SHARE 【ap編集長の建築探索】vol.16 若手建築家9組「第2回 発掘展」

「ap編集長の建築探索」は、23年の歴史ある建築ウェブメディア「アーキテクチャーフォト」の編集長である後藤連平が、訪問した建築を紹介する連載シリーズです。論考のようなかっちりとした形式ではなく、現地で感じた雰囲気や空気感が伝わるような“ライブ感”のある文体で綴ります。読者の皆様も自身が建築を体験するように読んでいただければ幸いです。
若手建築家9組「第2回 発掘展」
渋谷で行われている若手建築家のグループ展「発掘展」を拝見した。
(会期は2026/4/30まで)
出展者は、林恭正、中島成隆、一色暁生、小林佑輔、野村亮介、立石遼太郎、福田俊、渡邉明弘、五十嵐理人の9名の建築家。
この連載コーナーを読んでくださっている読者の方々は、何らかのSNSで、彼らの活動を目にしたことがあるのではないだろうか。
この展示は、主催者である、渡邉さん、五十嵐さん、アラウンドアーキテクチャーの佐竹さんが、SNSなどでその活動を知った建築家にDM等でオファーを出して実現したのだという。
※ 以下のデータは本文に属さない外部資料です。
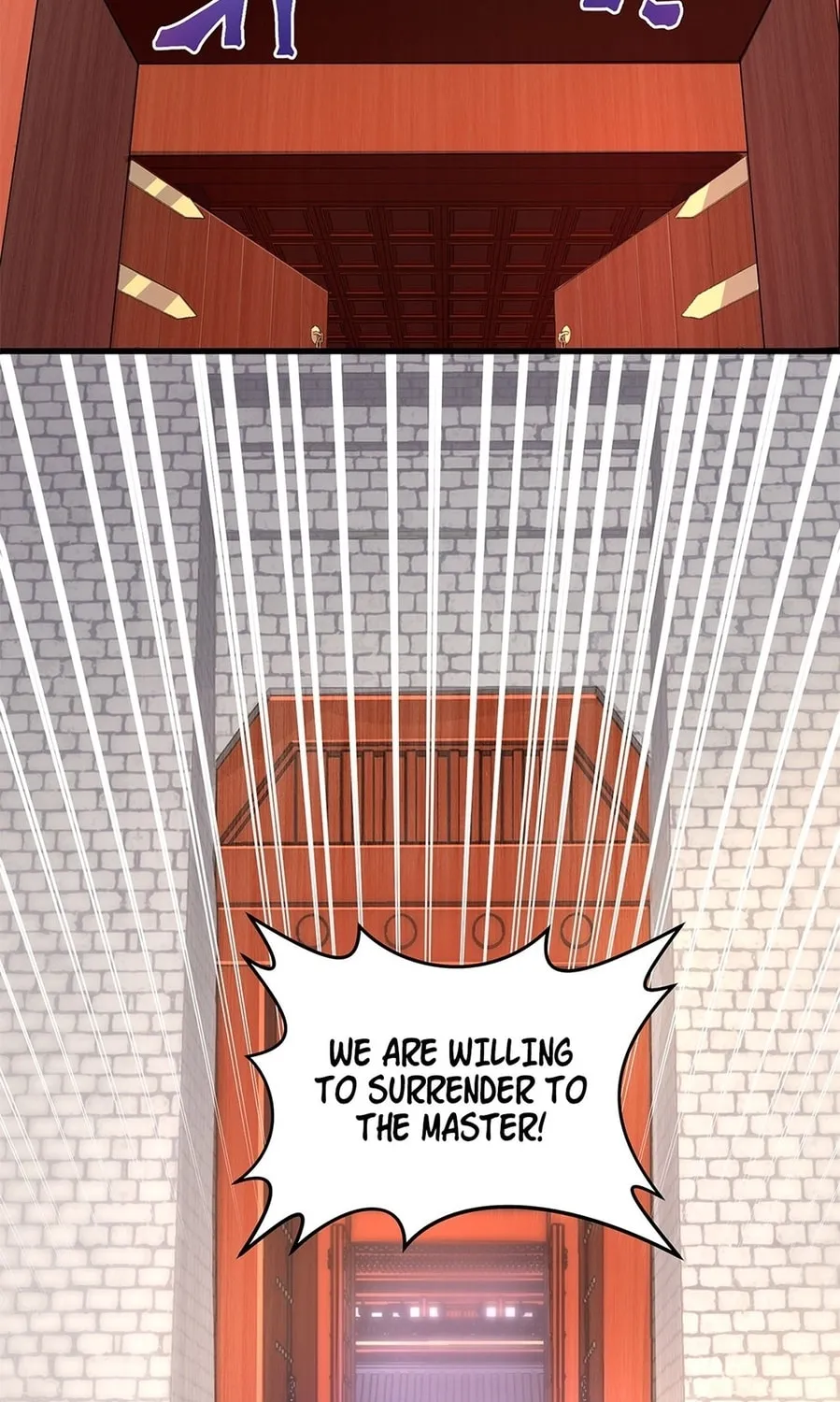 Read Toshiue no Hito (Colored) chapter 23 image 20 on Lezhin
先週は、神楽坂で、坂牛卓さんとその教え子の建築家たちによる「卓袱会建築展」が行われていたりと自主企画の展覧会が続いているなと思っていた。(残念ながらこちらはタイミングが合わず伺うことができなかった)
そんなこともあり、このような自主企画で行われる建築展とはどのようなものなのだろうかと、現地を伺う前から考えていた。
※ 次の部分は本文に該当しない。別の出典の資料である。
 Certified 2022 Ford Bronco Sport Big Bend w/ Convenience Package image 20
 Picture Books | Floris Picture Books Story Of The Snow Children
「発掘展」は、渋谷にあるコミュニティセンターの中のスペースを会場としていて、場のセレクトも面白い。駅からも近く、また様々な人々が別の目的でも訪問する場所であり、建築業界だけに向けた展示ではない趣旨も伝わってくる。
展示物は、パネルと模型という建築展としてはオーソドックスなつくり。各自其々の個性を活かしたパネルが展示されているけれど、中身には、フォーマットがあり、そこに各自の経歴や好きな建築家などの情報も含まれており、各建築家の背景を想像するのも楽しい。
会場を巡りながら、この出展メンバーに何か共通点はあるのだろうかと考えていた。こうやって集まってひとつの展示が成立している背景には、共通する建築に対する考えやスタンスがあるのではないかと。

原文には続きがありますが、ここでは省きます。